According to many forecasts from earlier this year, Canadian home prices should have fallen anywhere from 5% to 20% from pre-pandemic levels by now.
On the contrary, average prices are up more than 18% year-over-year and surpassed $600,000 for the first time ever in September, according to the Canadian Real Estate Association (CREA).
In fact, early regional data from October showed that prices were up 37% year-over-year in Montreal, 24% in Ottawa, 13.7% in Toronto and 6% in Vancouver.
Earlier in the year, RBC forecasted that prices would be down 5% from pre-COVID levels by the end of the year. Moody’s expected a 10% decline, while the Canada Mortgage and Housing Corporation (CMHC) put out a forecast of a 9-18% fall in prices. (I don’t think their prediction was year’s end).
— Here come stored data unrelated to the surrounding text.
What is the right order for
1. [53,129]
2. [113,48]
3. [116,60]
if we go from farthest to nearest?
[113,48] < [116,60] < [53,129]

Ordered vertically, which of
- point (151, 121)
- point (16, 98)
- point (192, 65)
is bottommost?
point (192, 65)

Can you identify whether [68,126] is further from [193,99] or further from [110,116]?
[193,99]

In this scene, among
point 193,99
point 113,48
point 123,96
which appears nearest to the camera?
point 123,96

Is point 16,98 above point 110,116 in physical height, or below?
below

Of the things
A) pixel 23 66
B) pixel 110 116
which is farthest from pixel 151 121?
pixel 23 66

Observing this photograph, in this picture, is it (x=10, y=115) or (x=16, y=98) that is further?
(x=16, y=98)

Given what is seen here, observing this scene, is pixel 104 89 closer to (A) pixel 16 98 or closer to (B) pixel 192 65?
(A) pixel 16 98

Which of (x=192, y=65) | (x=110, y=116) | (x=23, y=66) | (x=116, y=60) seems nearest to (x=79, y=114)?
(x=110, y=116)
In its Spring Housing Outlook, CMHC said this: “…sales and prices are likely to remain belowtheir pre-COVID19 levels by the end of our forecast horizon in 2022.”
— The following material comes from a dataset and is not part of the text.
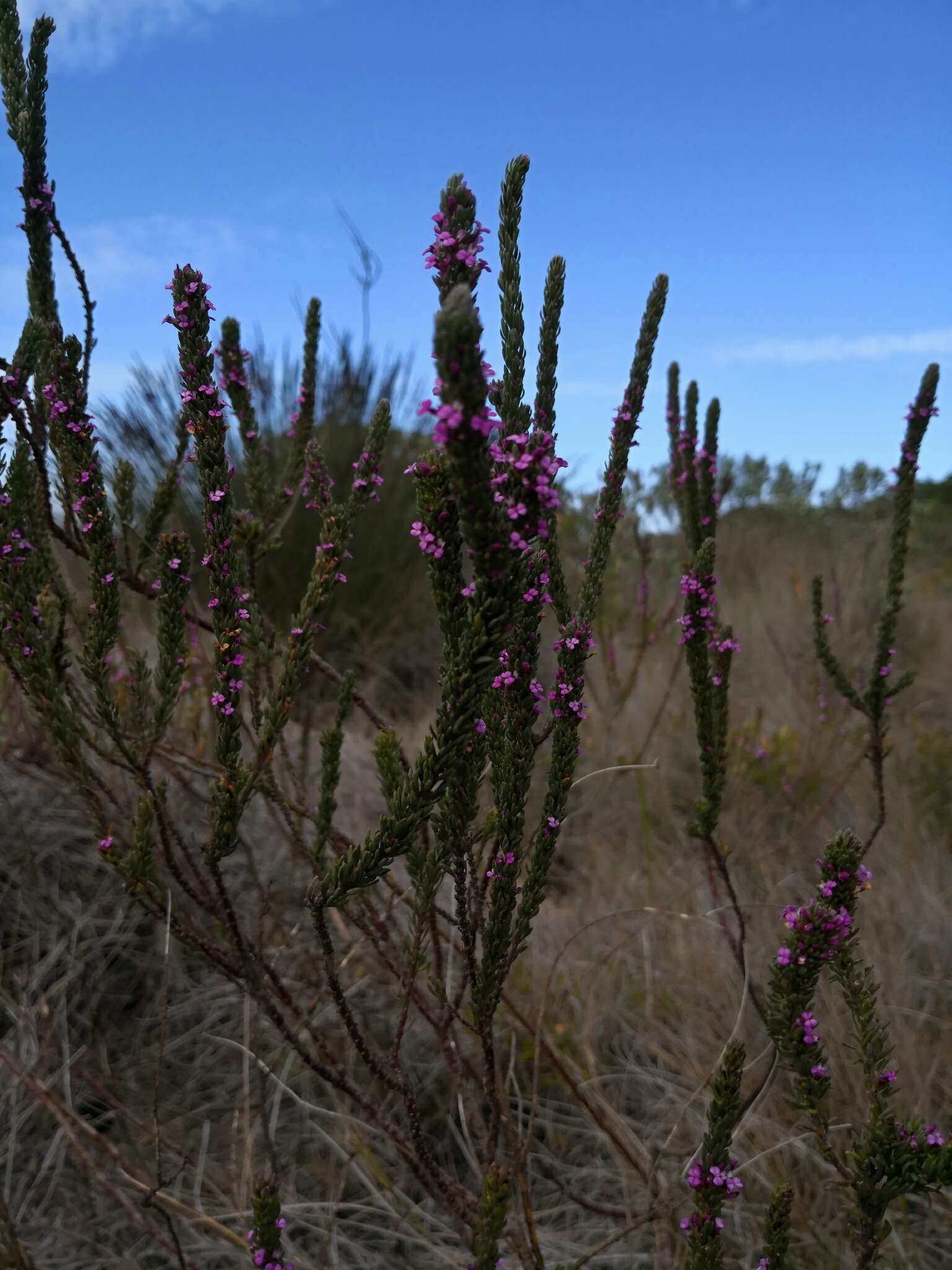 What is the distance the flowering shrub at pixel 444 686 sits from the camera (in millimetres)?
1221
And as recently as September, CMHC’s chief economist, Bob Dugan, said the agency continues to stand by its spring outlook, although the timeframe has been pushed back to 2021.
If their worst-case scenario of an 18% decline in home prices from pre-pandemic levels were to materialize, at today’s higher rates that would represent a 23.8% decline yet to come.
“When I say I stand by our forecasts, it’s really with respect to what are the broad trends we expect moving forward,” Dugan said in late September. “When I look at the housing market, there are a tremendous number of risks.”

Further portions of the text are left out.